Questo interrogativo è stato un punto di partenza da cui Noa e Rina Wertheim hanno avviato l’ideazione del loro lavoro coreutico, Makom.
Eppure questa unione per essere vera e sperimentata da tutti deve prima affrontare una scissione: spesso incontriamo tante somiglianze ma altrettante sono le diversità che abitano noi e il mondo. In Makom (che in ebraico significa luogo, ma anche ricerca di una casa e di dove siamo adesso) le polarità e le contrapposizioni si riuniscono e si disfano in un continuo divenire come la fluida architettura dei corpi danzanti.
Il primo, chiaro esempio di doppio in scena lo abbiamo con la reiterazione, ben 3 volte, di duo. Un primo indizio sul carattere raffinato che questo spettacolo svela per gradi con la diversificazione di registri e l’uso cosciente e mirato di segni e simboli.

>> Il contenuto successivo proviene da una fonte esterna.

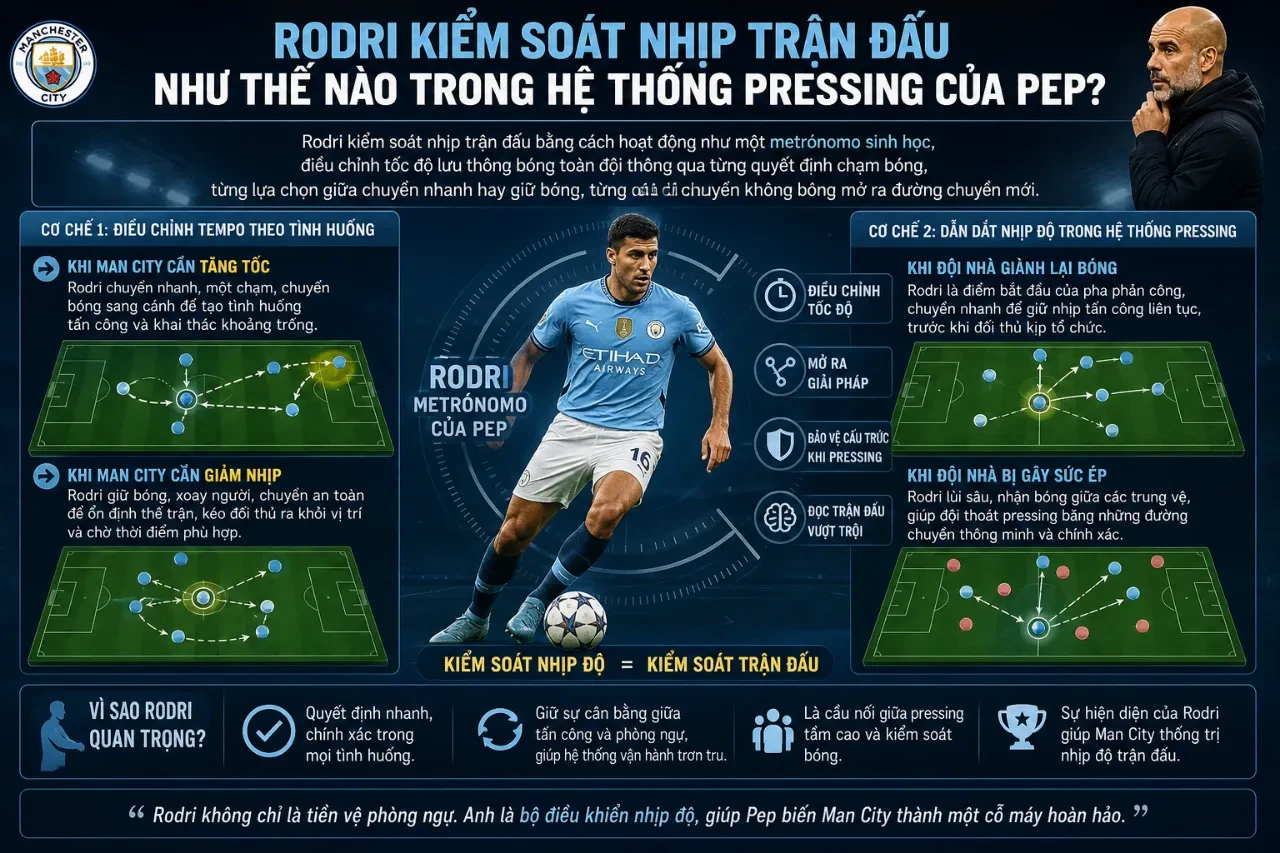 Rodri cầm nhịp lối chơi và điều phối bóng bình tĩnh giữa vòng vây đối phương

Serve dunque una congiunzione per armonizzare poli discordi. L’essere umano si fonda sulle contrapposizioni e più riuscirà a farle convivere in sé, sfruttandone le potenzialità, maggiori saranno i benefici di cui avvalersi.
Da una timida rivelazione individuale si attraversa il flusso degli egoismi e della prevaricazione approdando così a un terreno dove l’intesa collettiva diviene il fulcro dell’energia, risorsa per i simili e ricchezza per i contrari.
Non è un caso che una componente fondamentale sia proprio il ponte, inteso sia come passaggio — al di sopra e al di sotto — che come collegamento tra i corpi dei danzatori e delle danzatrici. Il pubblico ha avuto modo di percepirlo prima dal punto di vista visivo e poi da quello uditivo e cinematico.
Questa struttura raffigura la volontà delle autrici di farci attraversare qualcosa per avvicinarci a qualcos’altro ma anche di essere attraversati, cioè sovrastati, da un’opera, un’azione verso cui rivolgere le nostre aspirazioni, magari più grande di noi ma non per questo al di fuori della nostra portata.